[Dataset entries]

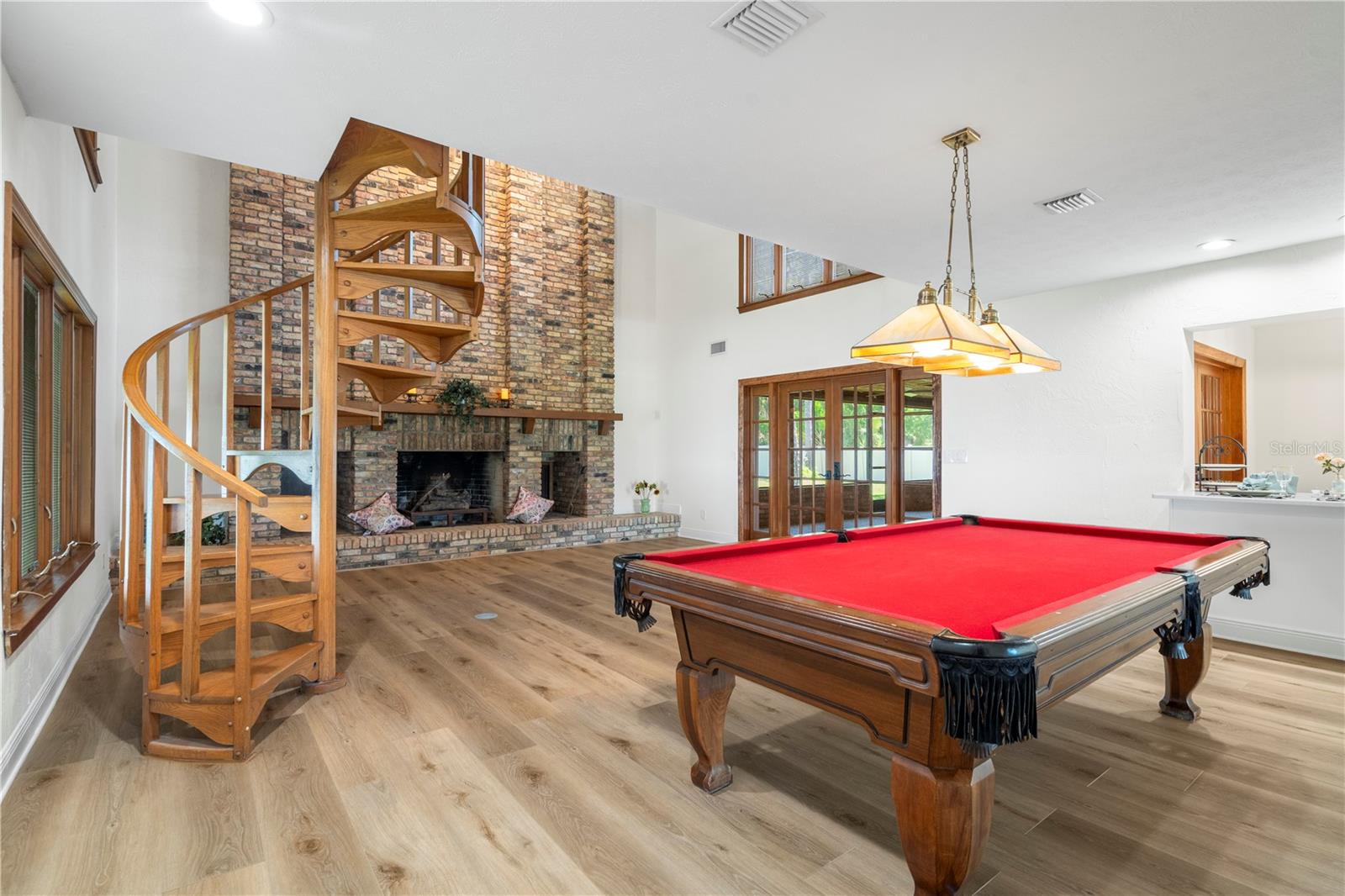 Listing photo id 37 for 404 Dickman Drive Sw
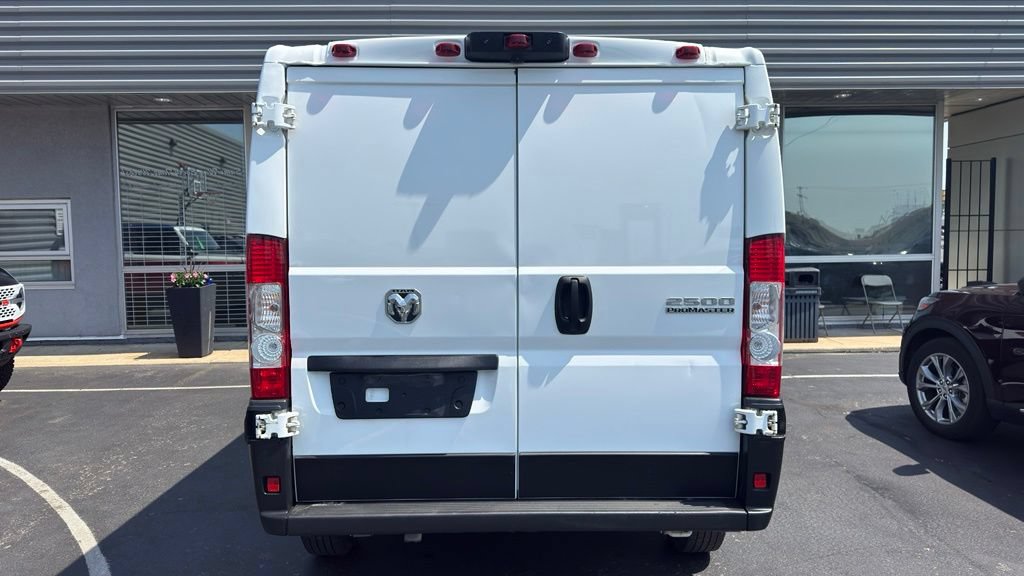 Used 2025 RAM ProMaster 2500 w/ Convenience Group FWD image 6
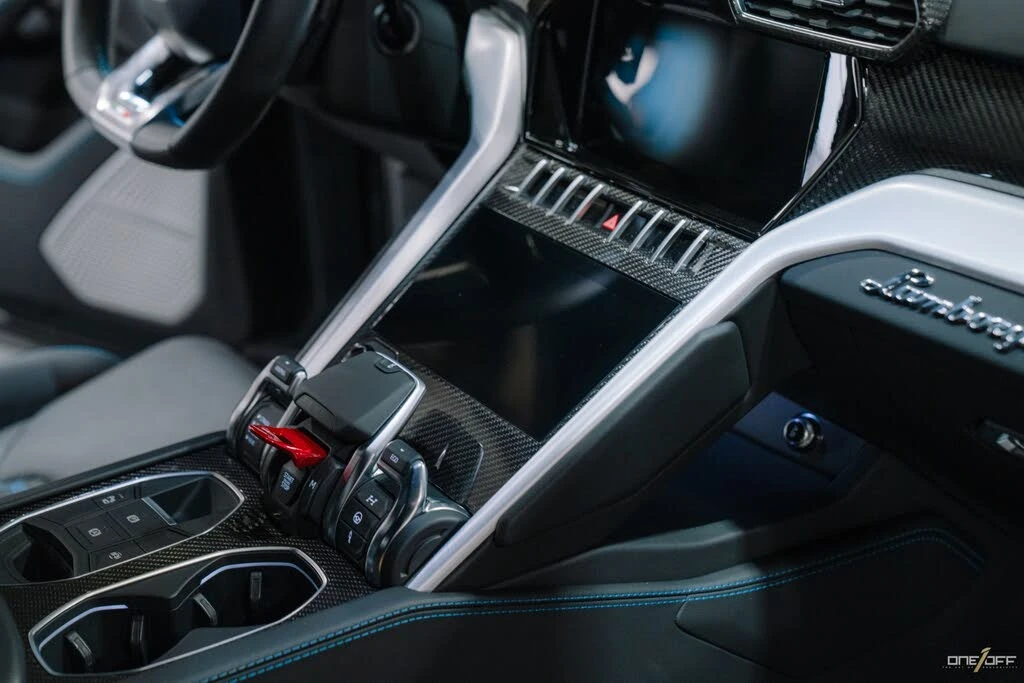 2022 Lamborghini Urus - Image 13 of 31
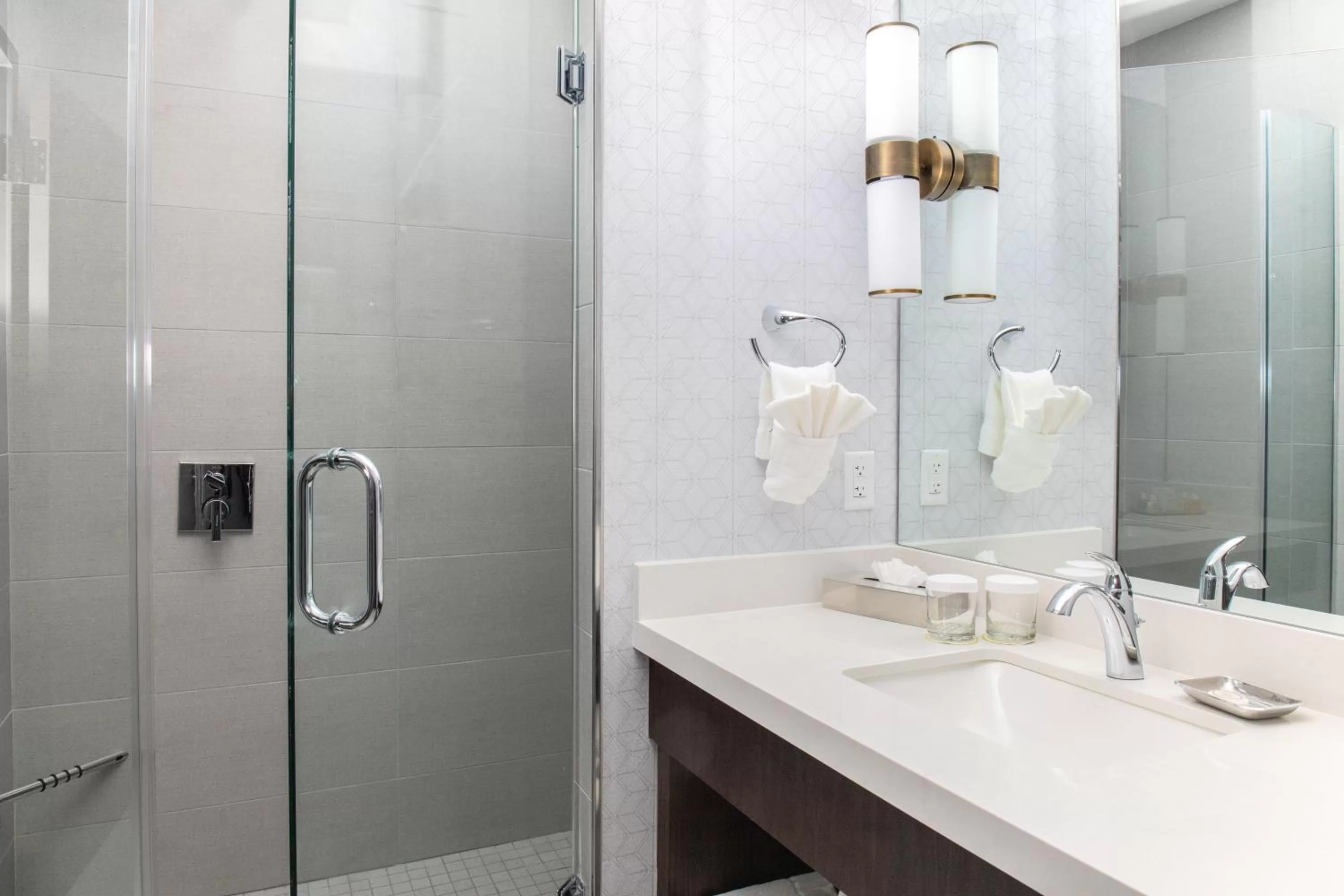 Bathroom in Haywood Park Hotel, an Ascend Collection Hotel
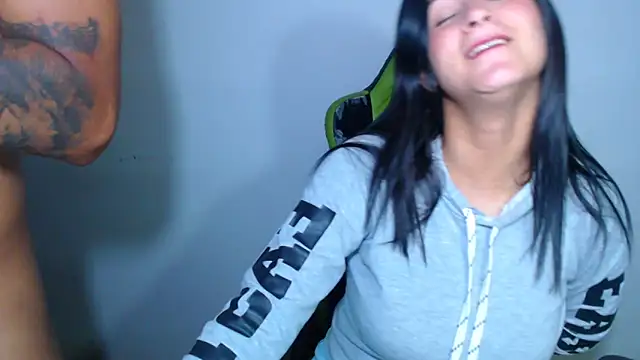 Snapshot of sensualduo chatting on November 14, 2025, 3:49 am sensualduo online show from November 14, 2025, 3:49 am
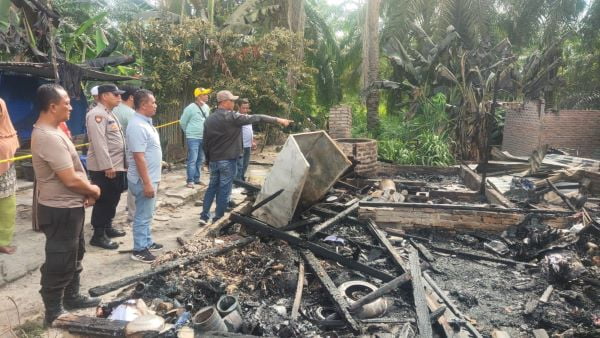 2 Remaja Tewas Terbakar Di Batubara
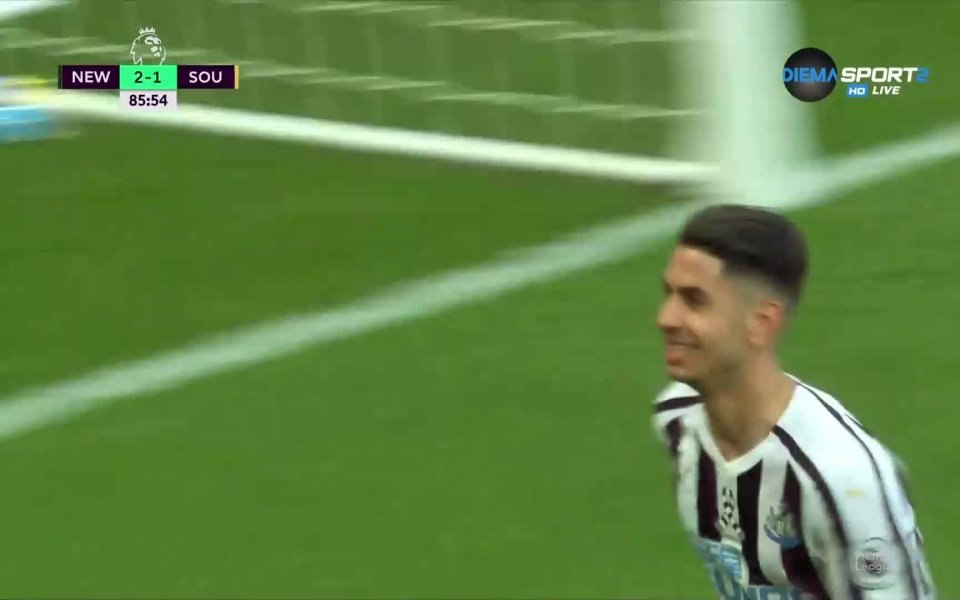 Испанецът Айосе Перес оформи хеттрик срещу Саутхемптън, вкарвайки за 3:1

▸ ASSIGNMENT: The required answer is every line from the one containing "Used 2025 RAM" through the last line of the entries, restated word for word and with no pictures.

▸ EXERCISE ANSWER:
 Used 2025 RAM ProMaster 2500 w/ Convenience Group FWD image 6
 2022 Lamborghini Urus - Image 13 of 31
 Bathroom in Haywood Park Hotel, an Ascend Collection Hotel
 Snapshot of sensualduo chatting on November 14, 2025, 3:49 am sensualduo online show from November 14, 2025, 3:49 am
 2 Remaja Tewas Terbakar Di Batubara
 Испанецът Айосе Перес оформи хеттрик срещу Саутхемптън, вкарвайки за 3:1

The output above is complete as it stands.